Nevertheless, there’s no reason not to be optimistic for the future. “The fundamental premise that sweet potatoes are a great alternative carb and deliver one of your 5 A Day has in essence not changed, and the success we have enjoyed over recent years has now transcended into other categories,” says Wealmoor chief executive Avnish Malde. “This can perhaps be attributed to the latent innovation curve across frozen, prepared and foodservice, where products have been developed and brought to market.”

Such recent innovation includes Branston’s new ready-to-cook line of sweet potato fries, a product which gives a nod to the importance of developing convenient solutions for modern consumers.

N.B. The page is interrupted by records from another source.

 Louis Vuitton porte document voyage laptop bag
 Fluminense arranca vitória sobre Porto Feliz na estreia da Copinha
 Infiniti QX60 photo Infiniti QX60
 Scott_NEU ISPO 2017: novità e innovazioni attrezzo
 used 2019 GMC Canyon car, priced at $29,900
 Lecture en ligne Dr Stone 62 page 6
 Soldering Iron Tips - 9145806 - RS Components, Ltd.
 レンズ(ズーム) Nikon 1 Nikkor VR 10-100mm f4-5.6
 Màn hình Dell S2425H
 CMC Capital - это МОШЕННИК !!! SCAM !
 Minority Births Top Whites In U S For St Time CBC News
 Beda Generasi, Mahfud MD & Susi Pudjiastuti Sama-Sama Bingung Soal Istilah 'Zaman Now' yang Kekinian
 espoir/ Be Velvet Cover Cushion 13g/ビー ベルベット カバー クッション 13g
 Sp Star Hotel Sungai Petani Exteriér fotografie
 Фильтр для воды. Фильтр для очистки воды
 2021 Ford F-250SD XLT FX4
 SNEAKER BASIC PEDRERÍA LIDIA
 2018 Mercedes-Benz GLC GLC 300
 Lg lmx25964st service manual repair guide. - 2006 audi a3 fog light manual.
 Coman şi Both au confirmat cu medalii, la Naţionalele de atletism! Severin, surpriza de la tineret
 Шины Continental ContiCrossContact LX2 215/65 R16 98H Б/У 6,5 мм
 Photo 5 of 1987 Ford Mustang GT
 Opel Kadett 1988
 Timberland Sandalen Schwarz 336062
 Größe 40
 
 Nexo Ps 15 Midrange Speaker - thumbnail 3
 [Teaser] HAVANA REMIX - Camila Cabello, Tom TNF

Albert Bartlett also moved into branded sweet potatoes with a new launch in Ocado last summer, suggesting suppliers still see a bright future for the category.


34. Leeks

Value: £73.2m (-2.5%) Volume: 37.4m kg (-9.4%)

leeks

Leeks lacking glamour for new buyers

The raw sales figures don’t paint an especially rosy picture for the leek category, which has suffered 2.5 per cent value and heavy 9.4 per cent volume decline in the past year.

A firmly winter product, leeks are struggling to find a new audience and the mood among growers is not particularly upbeat.

Nick Allpress, managing director of leek grower and packer Allpress Farms, says the large volume decline is mainly due to the fact that consumers are not buying into the category as much, and are attracted to cheaper alternatives.

A major problem farms face, he explains, is the high cost of labour, and that situation is only exacerbated by potential worker shortages brought about by Brexit.

An industry campaign by the British Leek Growers Association is trying to turn around the category’s fortunes, and appealing to younger consumers and home cooks should help given the fact leeks are a multi-purpose product that can add flavour to a wide variety of dishes.

It is clearly a category in need of reinvention, and that is likely to come in the shape of packaging and formats rather than varietal development on what is a largely uniform product.


35. Courgettes

Value: £71.6m (+5.3%) Volume: 35.5m kg (+1.4%)

Generic courgettes zucchini

Courgettes enjoying new-found popularity

The marrow, the zucchini, the summer squash, the courgette. The veg with a thousand names is blossoming with Britain’s dietary and culinary progression. Once seen as a cucumber for hot meals, the nation has realised its own innate qualities, and sales are upwardly mobile.

This year saw some strong figures for a mature category. “Courgettes are becoming a very, very popular product,” says Southern England Farms managing director Greville Richards. “Spiralisation and courgette spaghetti have helped a lot – there’s a lot of volume used in spiralising now.”

The lower volumes this year stemmed from a washout last summer. “All of our courgettes are grown in Cornwall and it was the wettest and hardest summer we’ve seen for courgettes since we’ve been growing them.”

New innovative prepared forms and recipes have driven the category, with Southern England Farms ramping up production to meet demand.

Like other crops though, this season’s heatwave could badly affect next year’s stats. “Yields are going to start dropping back dramatically if we don’t see any rain soon,” says Richards.

But demand will unlikely go with it. “I expect courgette sales to continue to grow,” Richards concludes. “Wholehead sales are quite buoyant at the moment.”